Assignment: Skip the pictures and repeat each line of the data exactly.

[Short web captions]
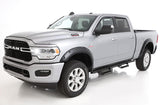 Bushwacker Pocket Style Fender Flares (MPN: 60015-07)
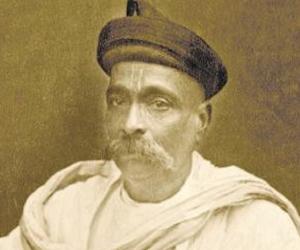 Bal Gangadhar Tilak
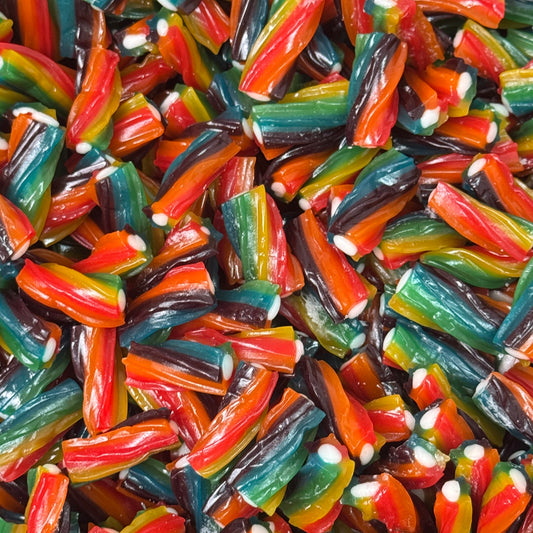 Rainbow Twist - 2kg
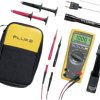 Multimetr Fluke FLUKE-179/MAG2 KIT 4869295, AC/DC, DC/TRMS, kalibracja DAkkS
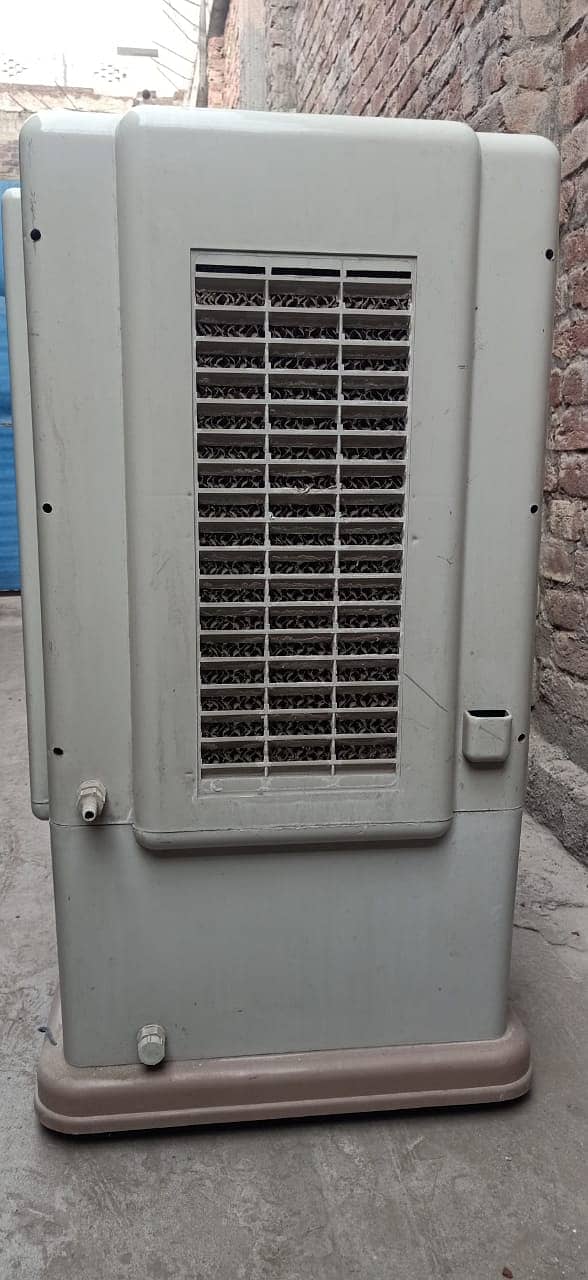 united UD-777 air cooler 2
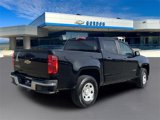 Used 2018 Chevrolet Colorado W/T w/ WT Convenience Package image 5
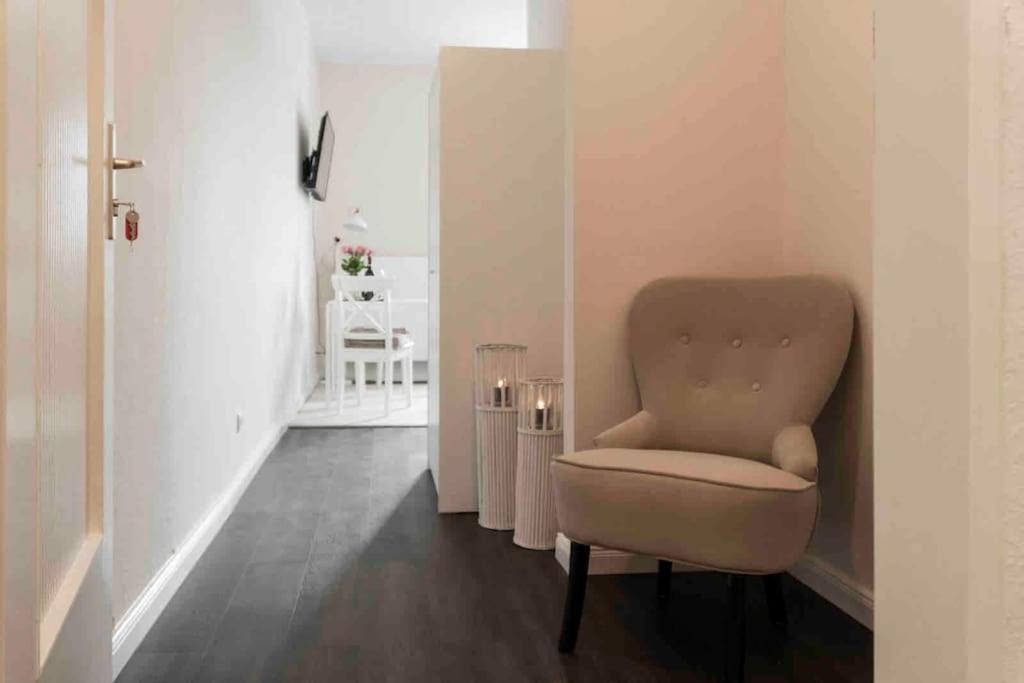 ברמן Zentrales Stadtflair Apartment מראה חיצוני תמונה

Solved exercise:
 Bushwacker Pocket Style Fender Flares (MPN: 60015-07)
 Bal Gangadhar Tilak
 Rainbow Twist - 2kg
 Multimetr Fluke FLUKE-179/MAG2 KIT 4869295, AC/DC, DC/TRMS, kalibracja DAkkS
 united UD-777 air cooler 2
 Used 2018 Chevrolet Colorado W/T w/ WT Convenience Package image 5
 ברמן Zentrales Stadtflair Apartment מראה חיצוני תמונה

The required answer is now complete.